Fetullahçı Terör Örgütü'nün (FETÖ) darbe girişimine tepki göstermek için gittiği Valilikte bir askerin silahından çıkan kurşunu "plastik mermi" sandığı için yaralı halde darbeci askerlere karşı direnmeye çalışan esnaf Osman Yılmaz, bir aylık tedavi sonrası hastaneden taburcu oldu.
Cumhurbaşkanı Recep Tayyip Erdoğan'ın 15 Temmuz gecesi halkı meydanlara çağırmasıyla Sakarya Valiliğine giden evli ve 2 çocuk babası Yılmaz (44), burada darbe girişiminde bulunan askerlerin ateş etmesiyle karnının sol tarafından vuruldu.
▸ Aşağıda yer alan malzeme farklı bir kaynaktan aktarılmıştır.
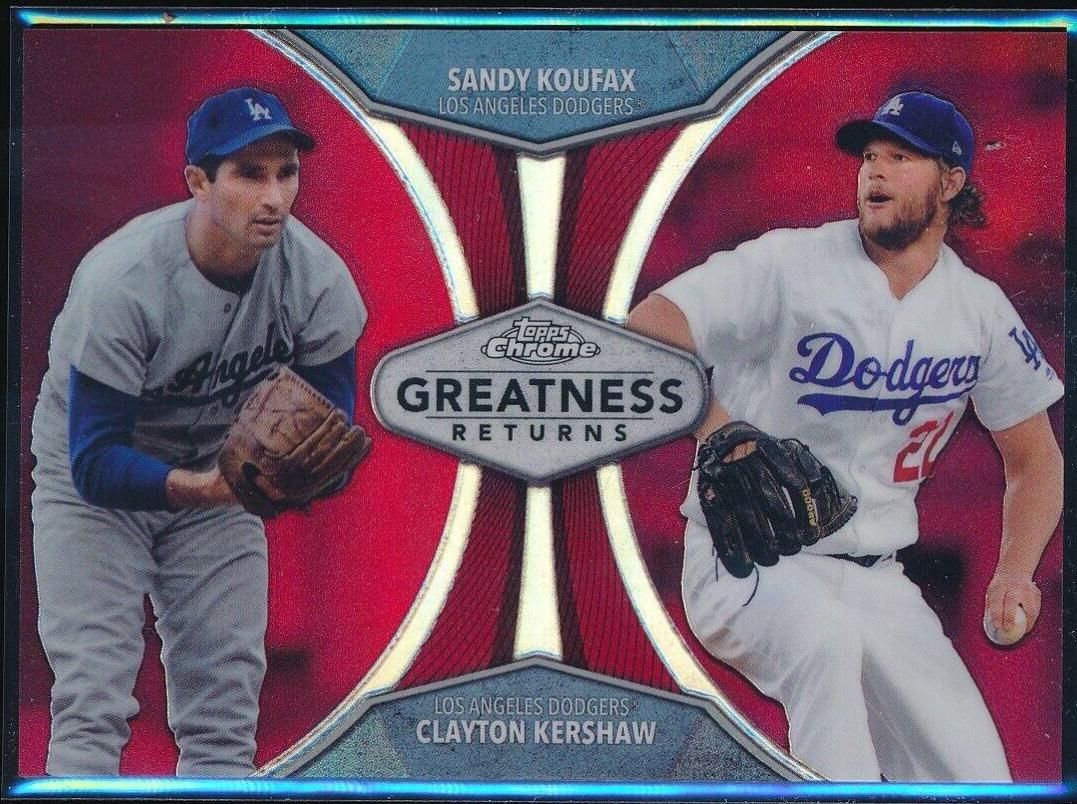 Sandy Koufax, Clayton Kershaw [Red Refractor] #GRE-15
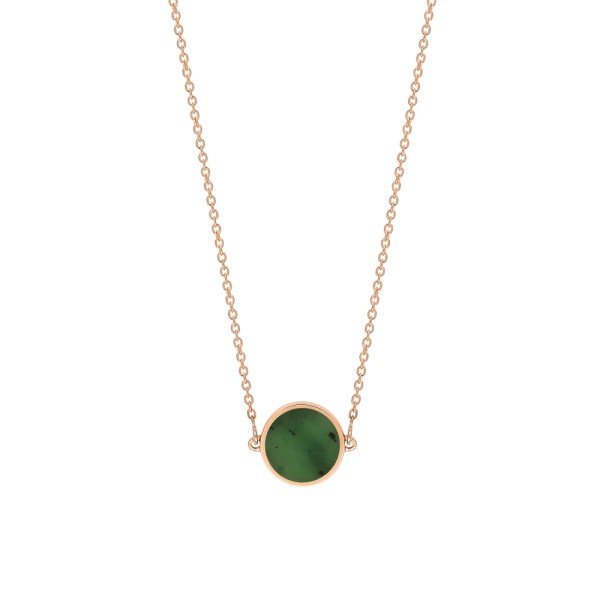 Collier Ginette NY Mini Ever Disc en or rose et jade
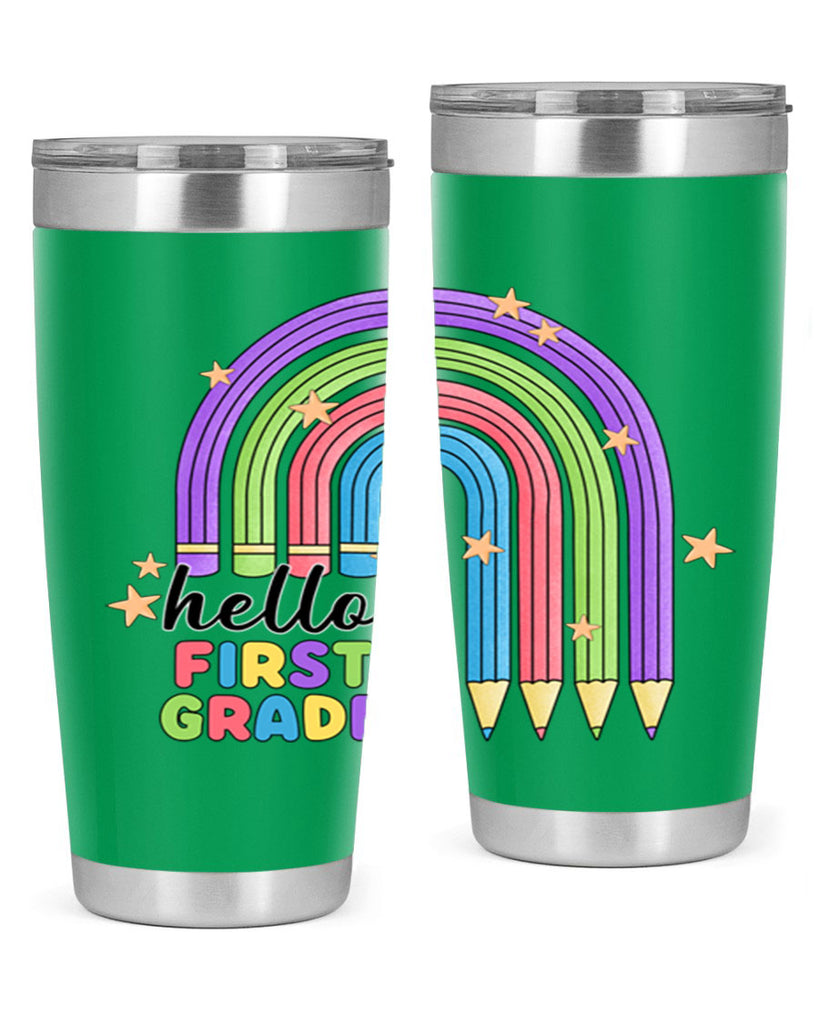 Hello 1st Grade Pencil Rainbow 14#- 1st grade- Tumbler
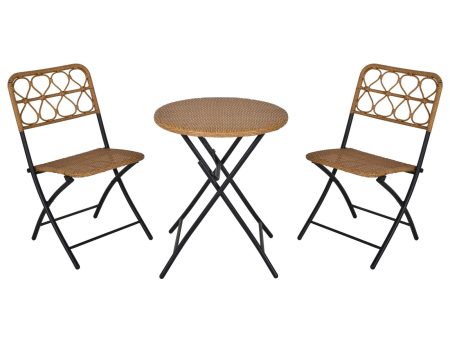 EASYCOMFORT Set 3 Pezzi Tavolino con Sedie da Giardino Pieghevoli Rattan e Acciaio Supply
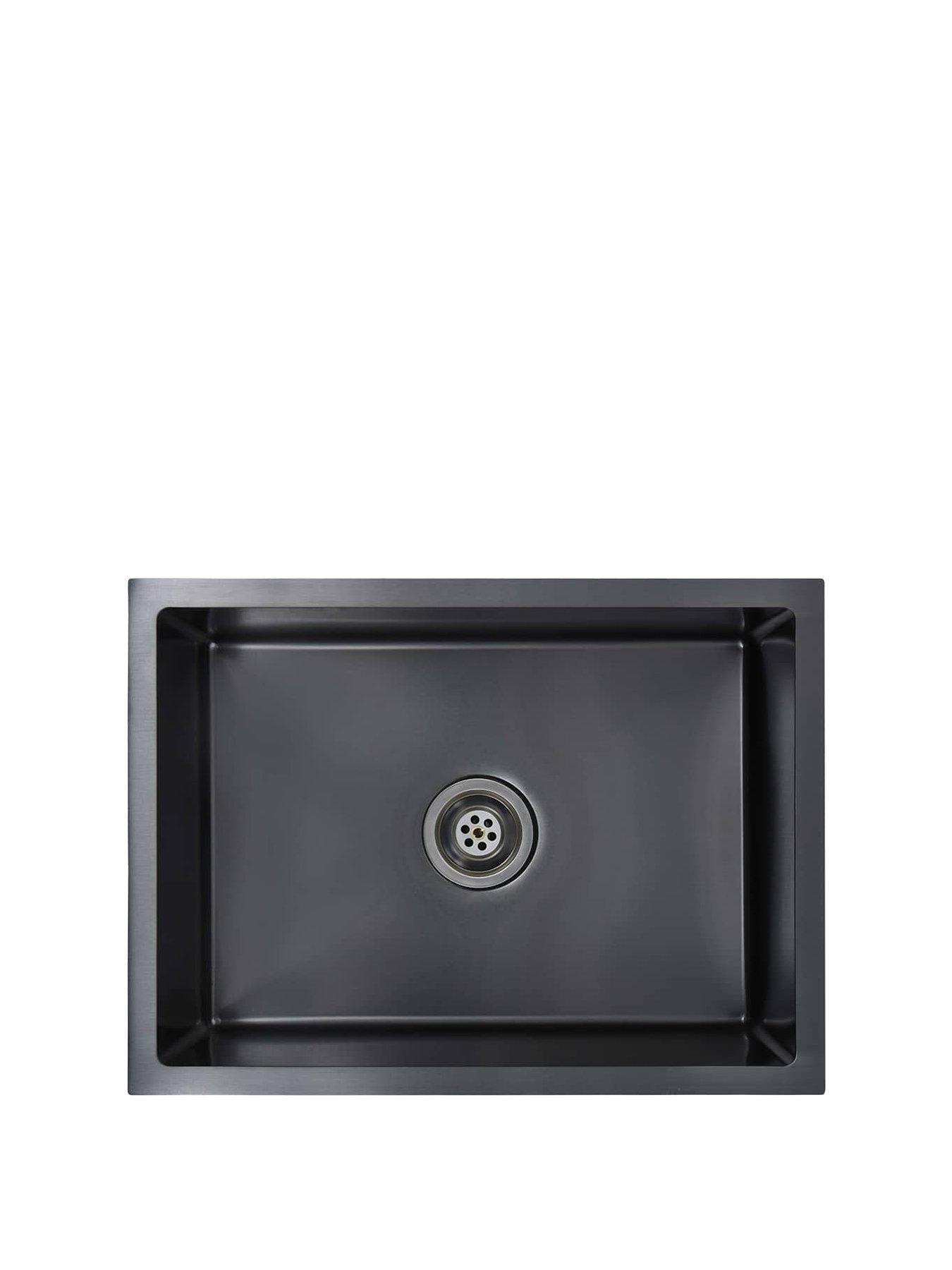 Image 2 of 7 of Walplus Handmade Kitchen Sink Black Stainless Steel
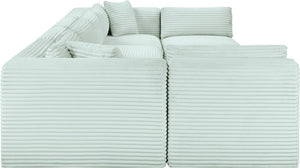 Meridian Furniture Shaggy Six Piece Modular Sectional in Stain Resistant Mint Corduroy for Living Rooms 641Mint-Sec6B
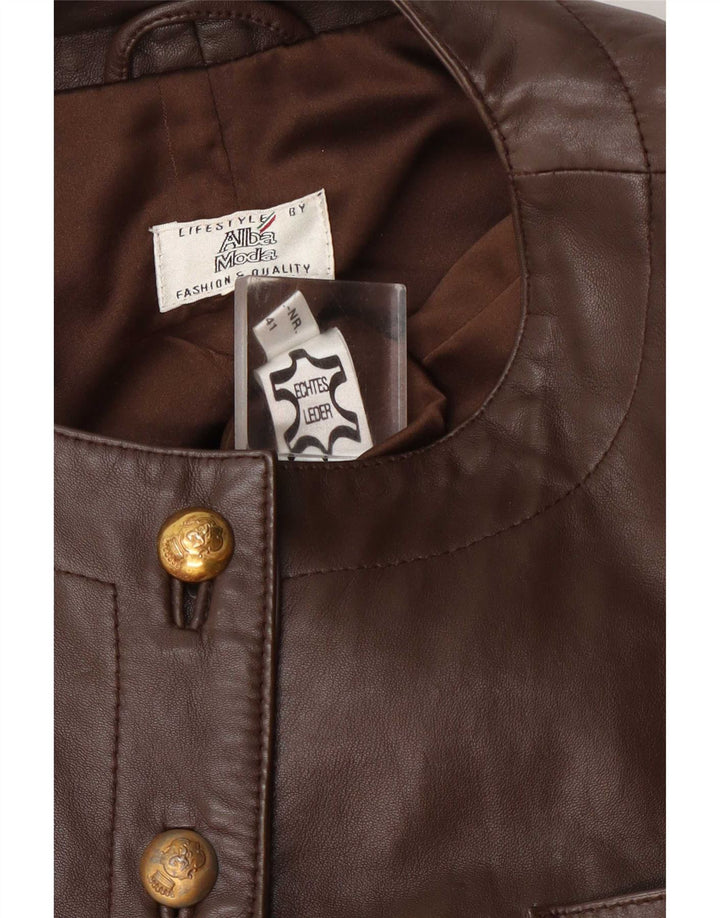 Alba Moda Dame Læder Blazer Jakke UK 14 Medium Brun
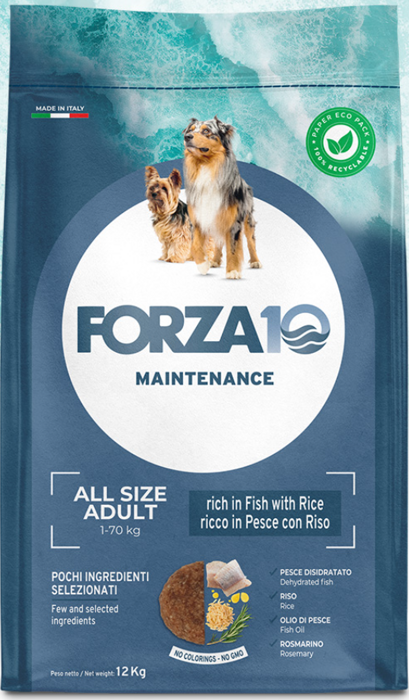 FORZA10 Maintenance Adult ALL SIZE FISH / RICE (Pesce / Riso) сухой корм для взрослых собак Средних и Крупных пород РЫБА / РИС (12 кг)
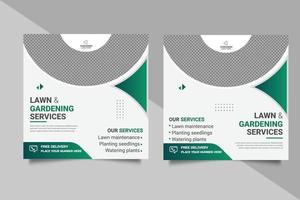 Lawn garden service social media post banner template vector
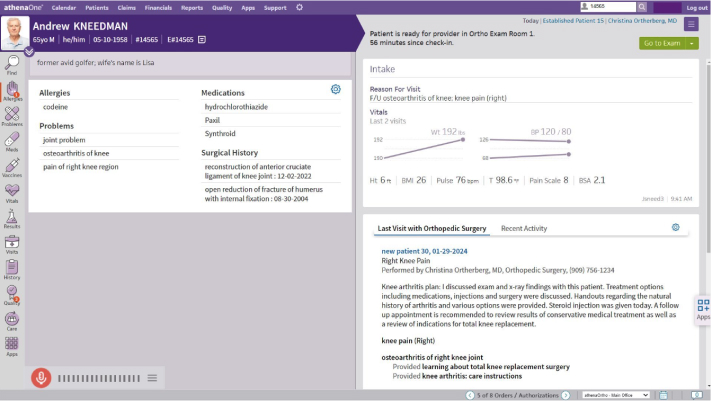 athenaOne for Orthopedics electronic health record and clinical product suite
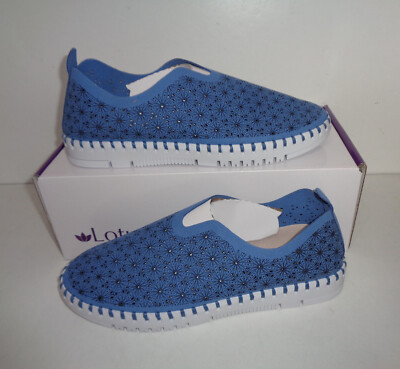 LOTUS Ladies Womens Blue Flats Slip On Shoes Casual Loafers RRP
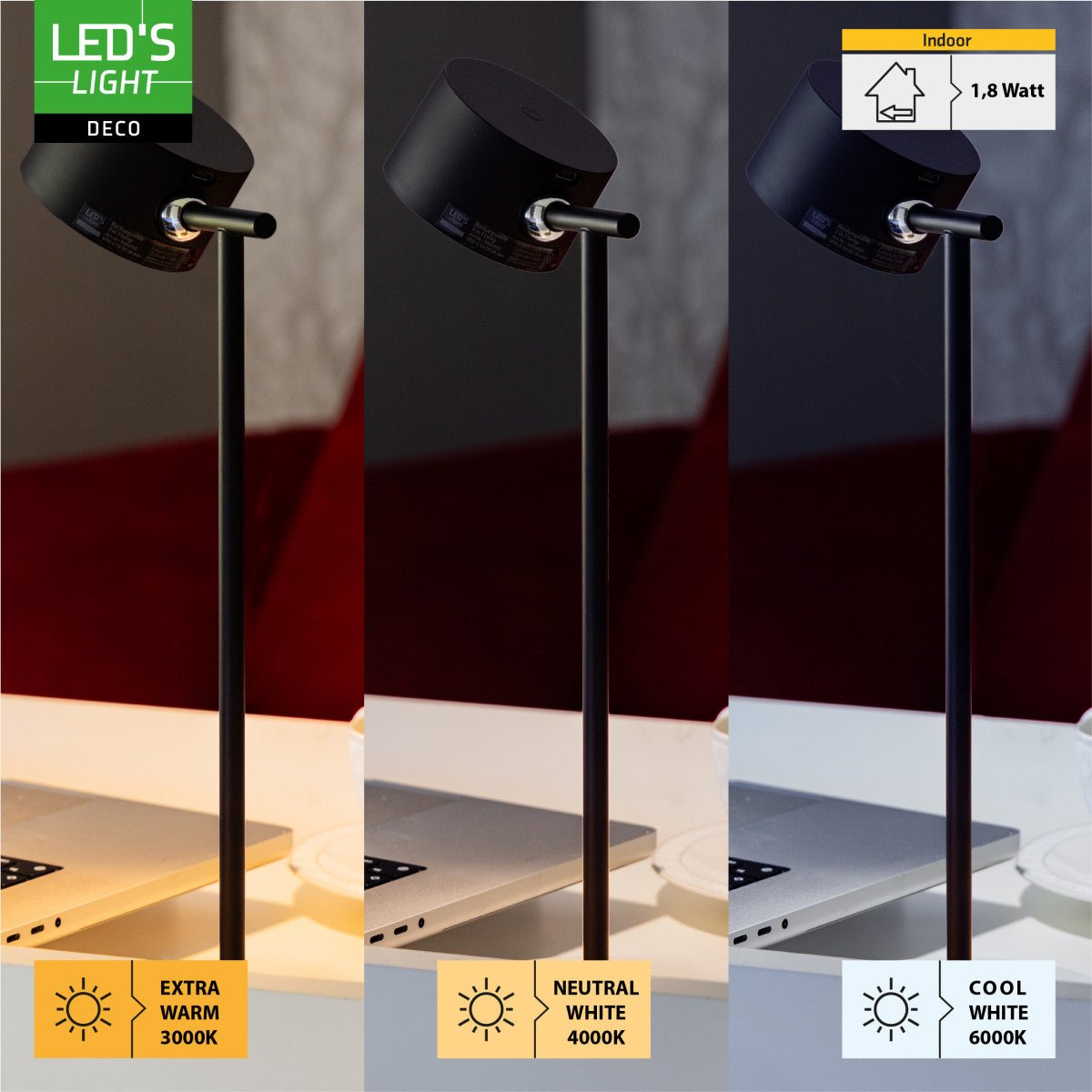 LED's Light 3-in-1 Draadloos Oplaadbaar Spotje - Tafellamp, Klemlamp & Wandlamp - Zwart Tafellampen Led.nl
Vücuduna giren kurşunu "plastik mermi" sandığı için vatandaşlarla direnmeye devam eden Yılmaz, bir süre sonra karnında kan olduğunu fark edince vurulduğunu anladı.
Vatandaşlar tarafından Yenikent Devlet Hastanesine ağır yaralı kaldırılan Yılmaz, ameliyata alındı. Kurşunun aort damarı ve diğer organlara zarar vermesi nedeniyle doktorların umudunu kestiği Yılmaz, Yoğun Bakım Servisinde yaşam mücadelesini kazandı.
Kritik süreci atlattıktan sonra Sakarya Üniversitesi Eğitim ve Araştırma Hastanesine sevk edilen Yılmaz, bir aylık tedavisinin ardından evine ve ailesine kavuştu.
"Dağılın, yakarım, vururum. Bu darbedir, herkes evine gitsin"
Evinde istirahatine devam eden Yılmaz, yaptığı açıklamada, kendi geleceklerinin daha önceki darbelerle gittiğini, çocuklarının geleceğinin de heba olmaması için Cumhurbaşkanı Erdoğan'ın çağrısıyla o gece sokağa çıktığını anlattı.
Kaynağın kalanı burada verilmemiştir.